Politique

Maroc : les dessous du rapprochement entre le PJD et le PAM

Saâdeddine El Othmani (secrétaire général du PJD) et Hakim Benchamach (secrétaire général du PAM).

Saâdeddine El Othmani (secrétaire général du PJD) et Hakim Benchamach (secrétaire général du PAM). © Montage JA

La montée en puissance du Rassemblement national des indépendants (RNI) et la fronde au sein du Parti authenticité et modernité (PAM) expliquent en partie l’assouplissement du bras de fer entre les deux partis politiques marocains.

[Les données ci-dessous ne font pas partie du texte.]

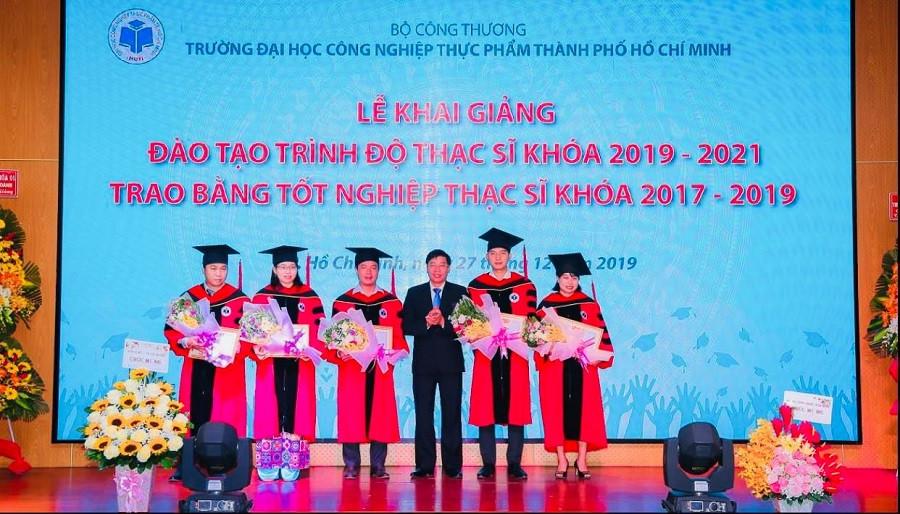 PGS.TS Nguyễn Xuân Hoàn – Hiệu trưởng HUFI chụp hình cùng các tân thạc sĩ PGS.TS Nguyễn Xuân Hoàn – Hiệu trưởng HUFI chụp hình cùng các tân thạc sĩ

Tout, absolument tout, les opposait. Le Parti de la justice et du développement (PJD, islamiste) et le Parti authenticité et modernité (PAM) étaient ennemis jurés depuis une décennie. Mais l’élection, en octobre dernier, de Fatima El Hassani comme présidente (PAM) de la région Tanger-Tétouan-Al Hoceïma, sur la base d’une entente locale entre les deux formations, s’était apparentée pour certains aux prémices d’un big bang politique.

Un cadre et membre fondateur du PAM confirme à Jeune Afrique : « De ligne rouge, il n’y a plus. » Des mots étonnants, d’autant plus qu’ils seraient partagés par certains militants islamistes. Un parlementaire PJD renchérit : « Chez nous aussi, un certain nombre de militants et de dirigeants pensent que le PAM n’est plus le parti qu’il était, hégémonique et menaçant la vie démocratique du pays. »

Aujourd’hui, le PJD, très urbain, est au gouvernement, et le PAM, plus rural dans son implantation, est son principal opposant. L’opposition entre les deux formations n’est pas nouvelle : pour de nombreux militants islamistes, le PAM a même été crée dans le but de leur barrer la route, un peu comme les « partis d’administration » de l’ère Hassan II faisait face à la gauche.

Récemment, lors de différents scrutins, le clivage entre les deux partis, l’un conservateur et démocrate, l’autre défenseur des institutions et libéral, était la principale division autour de laquelle s’organisaient les alliances électorales et gouvernementales.

AU PJD, c’est le RNI qu’on vise

Si au sein du PJD, le PAM ne catalyse plus toutes les détestations, c’est aussi que les militants du premier reportent leur ire sur le Rassemblement national des indépendants (RNI), dirigé par Aziz Akhannouch, ministre de l’Agriculture qui ferraille durement contre les islamistes. « Tous les reproches que nous faisions au PAM, comme la “notabilisation” de la vie politique, sont maintenant les travers du RNI », continue l’élu islamiste.

Mais de là à aller jusqu’à envisager une alliance électorale à l’horizon 2021… Il y a loin de la coupe aux lèvres. En effet, Slimane El Amrani, second secrétaire général des islamistes, a été clair lorsqu’il a pris la parole à propos du désistement du candidat PJD au profit du PAM à l’élection à la présidence de région dans le Nord : l’alliance reste locale et circonstanciée. En fait, elle tenait aussi à une donnée simple : les « frères » savaient qu’ils ne l’emporteraient pas. Néanmoins, que le secrétariat général du PJD valide une telle stratégie, initialement pensée par les militants du nord, est parlant.

Au PAM, un courant ouvert au dialogue

Au sein du premier parti de l’opposition parlementaire, certains estiment que la posture « anti-PJD » n’est pas payante. À en croire un observateur, ce sentiment est partagé par les plus jeunes militants et leaders notamment, mais aussi par les militants issus de la gauche et de l’extrême-gauche estudiantine, qui avaient rejoint le PAM précisément pour contrer le projet conservateur du PJD.

Une personnalité de premier plan, le militant Abdellatif Ouahbi, une des cautions intellectuelles du PAM, a publiquement pris la parole pour enterrer la hache de guerre : « Celui qui n’évolue pas meurt », a-t-il déclaré.

Enfin, c’est au sein d’un courant, le Groupe de l’avenir, tendance qui s’oppose à l’actuel secrétaire général Hakim Benchamach, que l’hostilité anti-PJD s’est le plus estompée. Ce courant, ainsi que d’autres frondeurs, pourraient bientôt mettre la main sur le parti. Dans ce cas, la vieille fracture PAM-PJD, qui a rythmé la vie politique marocaine pendant des années, pourrait laisser la place à d’autres oppositions.